Information shown:
┄┄┄┄┄┄
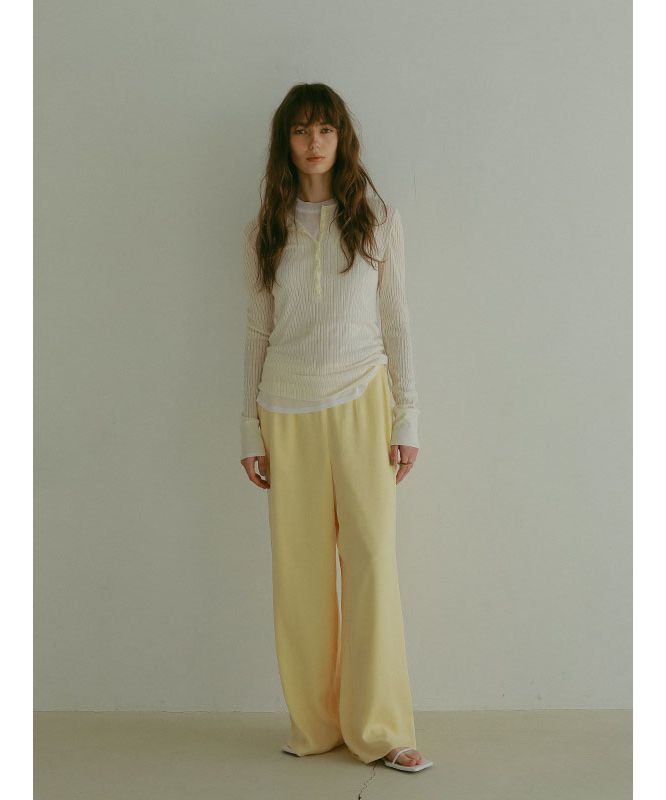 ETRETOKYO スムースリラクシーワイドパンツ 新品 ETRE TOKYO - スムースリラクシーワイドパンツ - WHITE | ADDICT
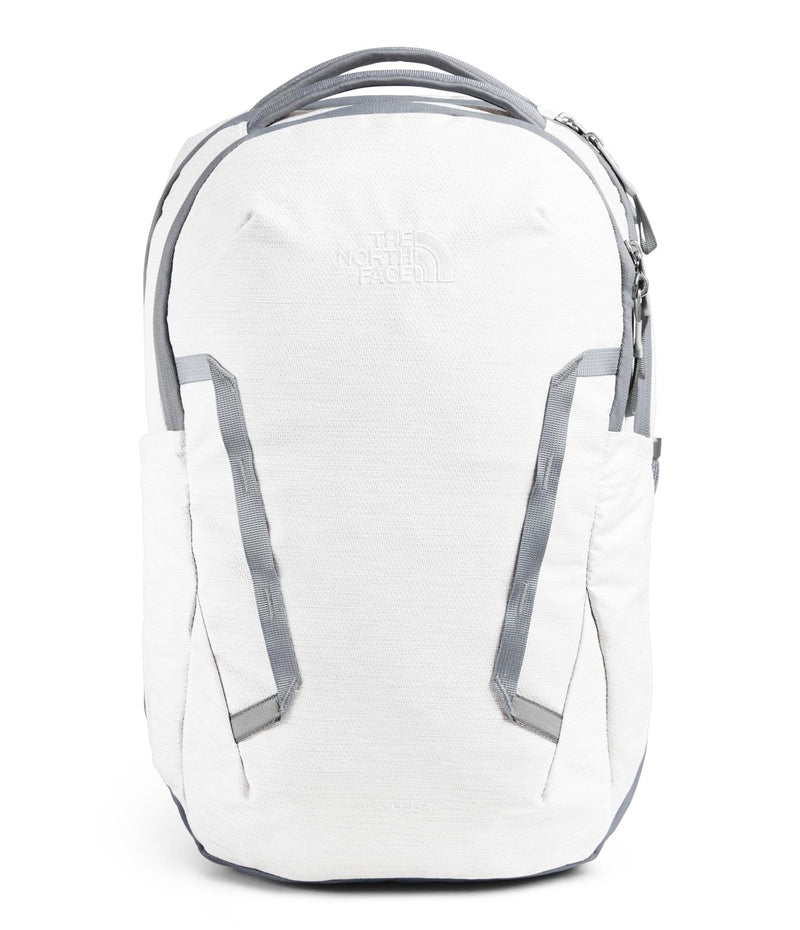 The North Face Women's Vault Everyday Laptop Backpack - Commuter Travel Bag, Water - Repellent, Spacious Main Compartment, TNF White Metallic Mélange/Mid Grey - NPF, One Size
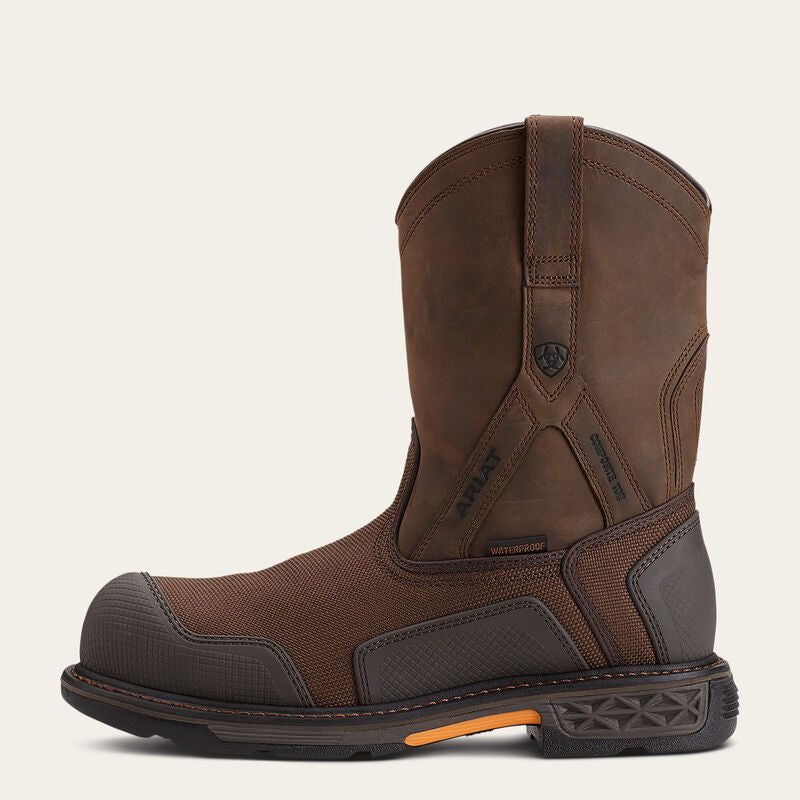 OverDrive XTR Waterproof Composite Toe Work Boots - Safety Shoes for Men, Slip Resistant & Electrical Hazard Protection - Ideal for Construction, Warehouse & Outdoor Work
┄┄┄┄┄┄
What is expected:
Could the data above be copied out exactly, with no pictures kept?

Response:
 ETRETOKYO スムースリラクシーワイドパンツ 新品 ETRE TOKYO - スムースリラクシーワイドパンツ - WHITE | ADDICT
 The North Face Women's Vault Everyday Laptop Backpack - Commuter Travel Bag, Water - Repellent, Spacious Main Compartment, TNF White Metallic Mélange/Mid Grey - NPF, One Size
 OverDrive XTR Waterproof Composite Toe Work Boots - Safety Shoes for Men, Slip Resistant & Electrical Hazard Protection - Ideal for Construction, Warehouse & Outdoor Work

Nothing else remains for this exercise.